Your instructions. All that should be output is the block of lines below from the line with "Un étal de poissons" to the line with "Cozy attic-style room", both included, exactly as written.
BEGIN Supplied entries
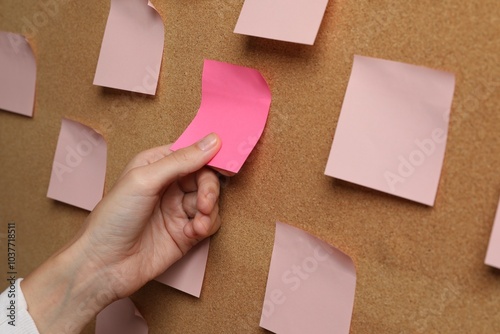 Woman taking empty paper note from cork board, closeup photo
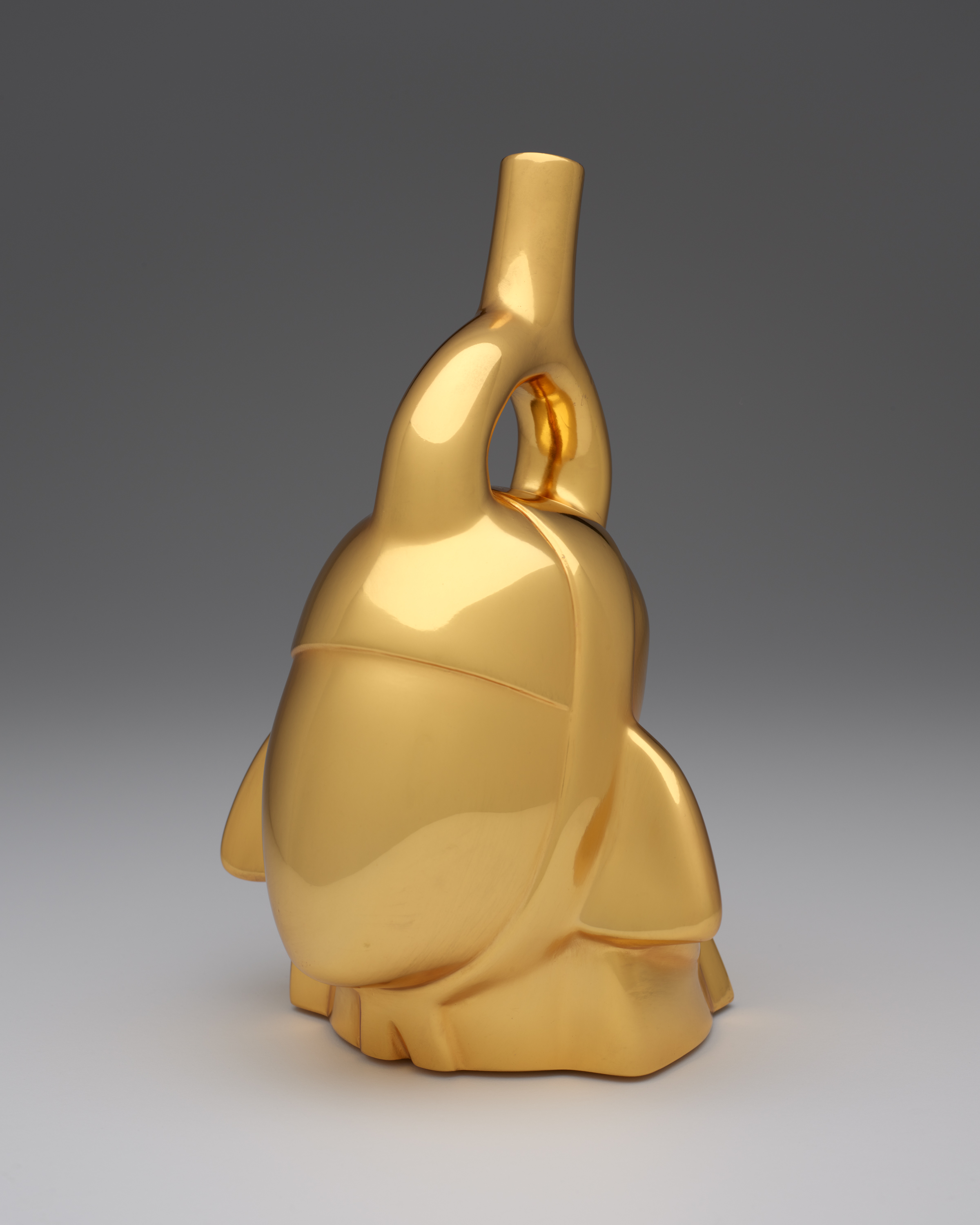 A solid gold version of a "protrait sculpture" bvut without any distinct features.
END Supplied entries
BEGIN Supplied entries
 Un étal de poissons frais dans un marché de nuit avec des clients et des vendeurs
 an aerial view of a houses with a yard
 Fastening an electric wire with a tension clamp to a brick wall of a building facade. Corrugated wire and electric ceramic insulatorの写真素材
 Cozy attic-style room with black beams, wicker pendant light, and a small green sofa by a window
END Supplied entries
BEGIN Supplied entries
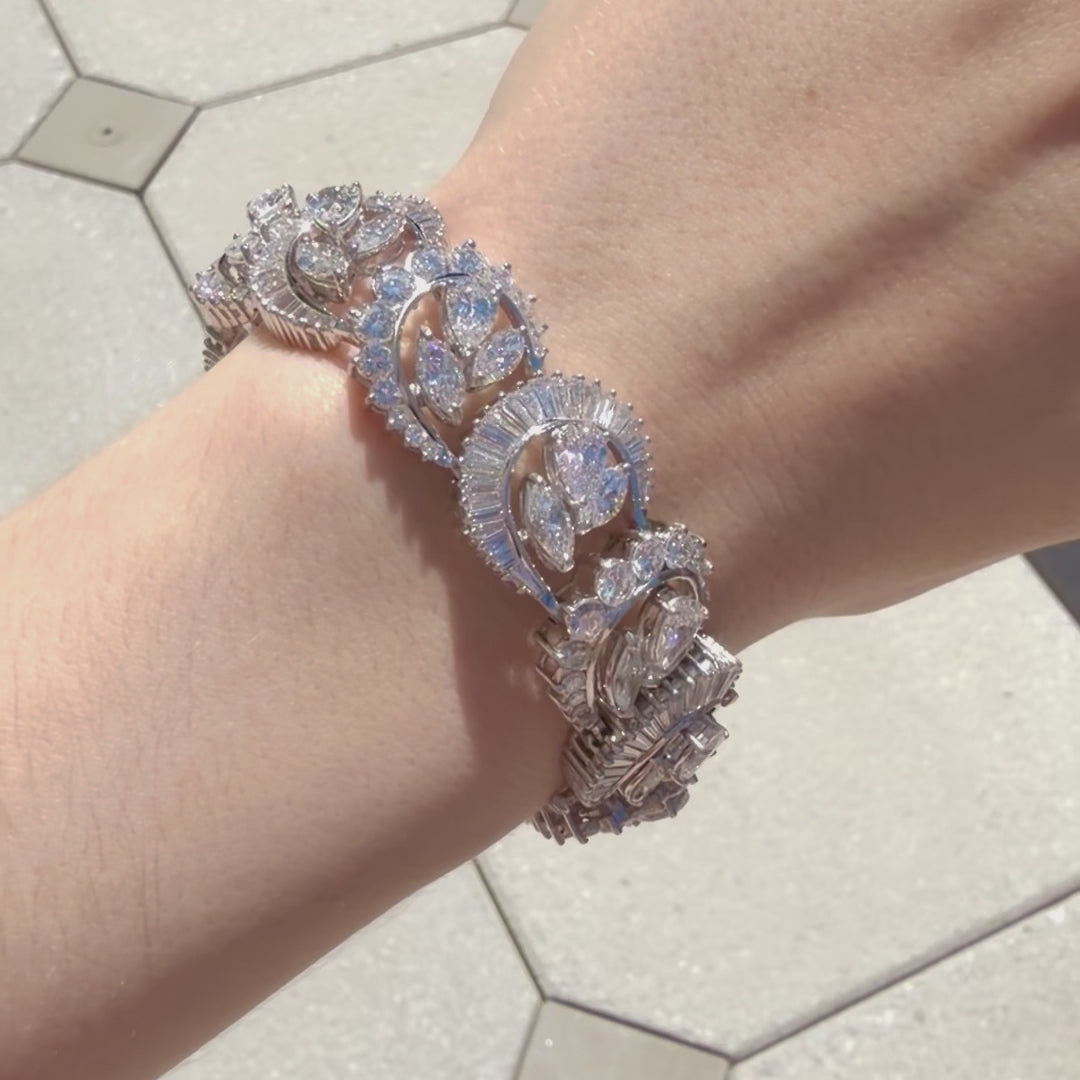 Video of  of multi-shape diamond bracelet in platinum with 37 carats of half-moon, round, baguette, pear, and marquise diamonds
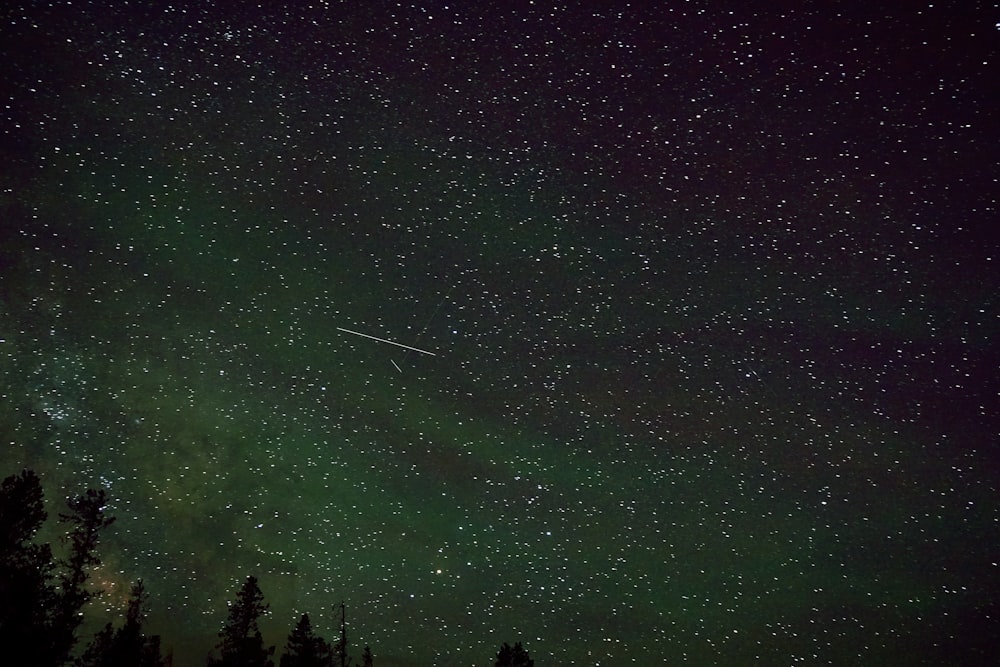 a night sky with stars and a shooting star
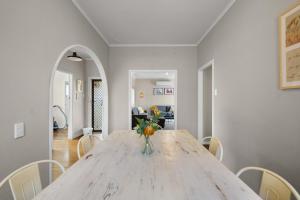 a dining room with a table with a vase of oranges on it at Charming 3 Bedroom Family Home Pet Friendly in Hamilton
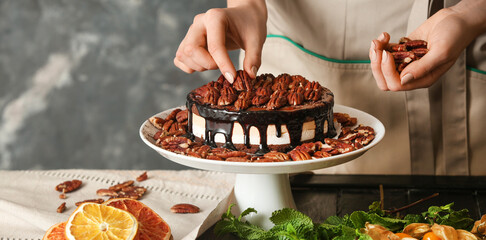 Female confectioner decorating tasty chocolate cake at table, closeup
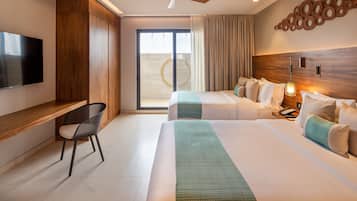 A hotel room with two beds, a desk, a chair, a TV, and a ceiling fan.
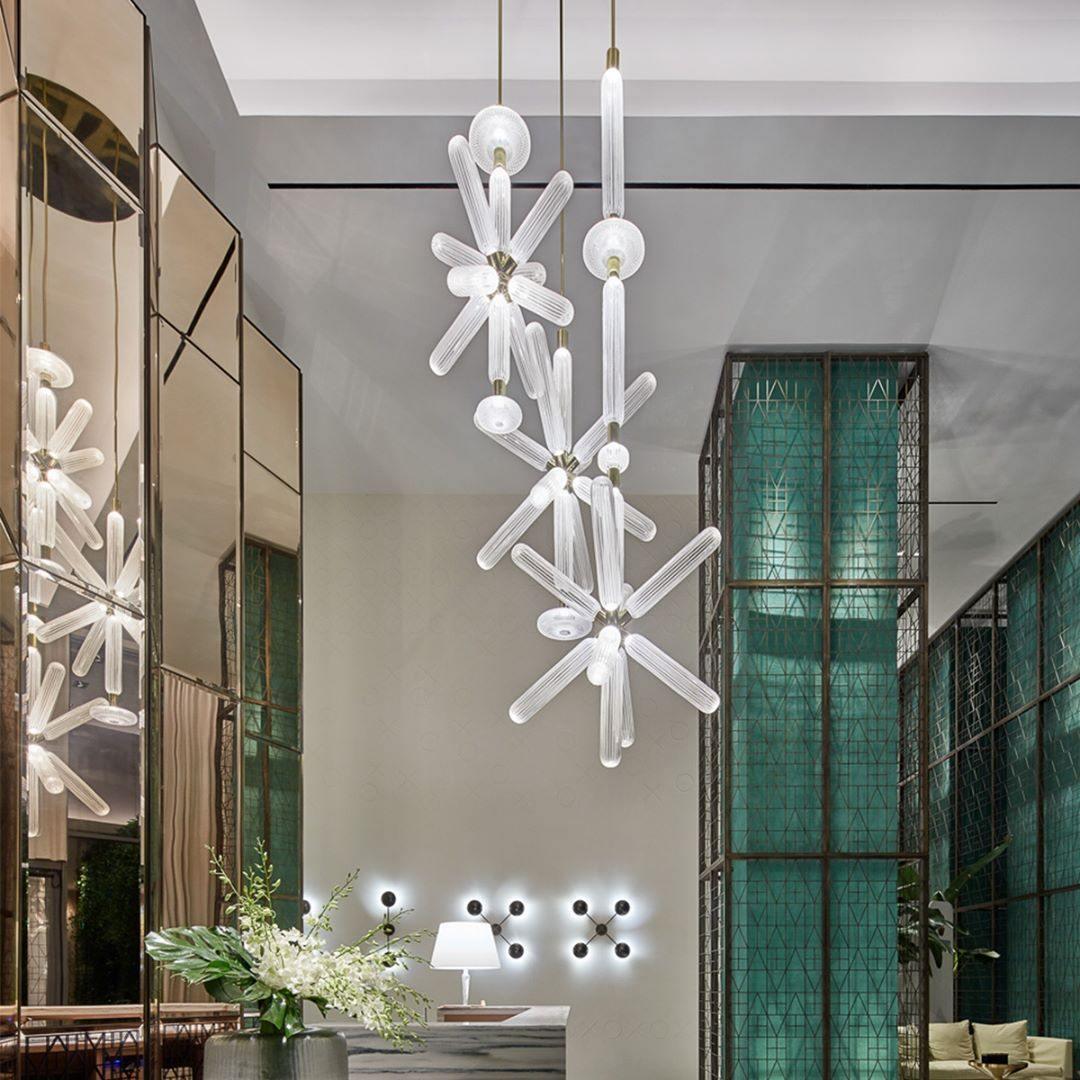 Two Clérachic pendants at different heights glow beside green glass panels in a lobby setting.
END Supplied entries
Answer to this exercise.
 Un étal de poissons frais dans un marché de nuit avec des clients et des vendeurs
 an aerial view of a houses with a yard
 Fastening an electric wire with a tension clamp to a brick wall of a building facade. Corrugated wire and electric ceramic insulatorの写真素材
 Cozy attic-style room with black beams, wicker pendant light, and a small green sofa by a window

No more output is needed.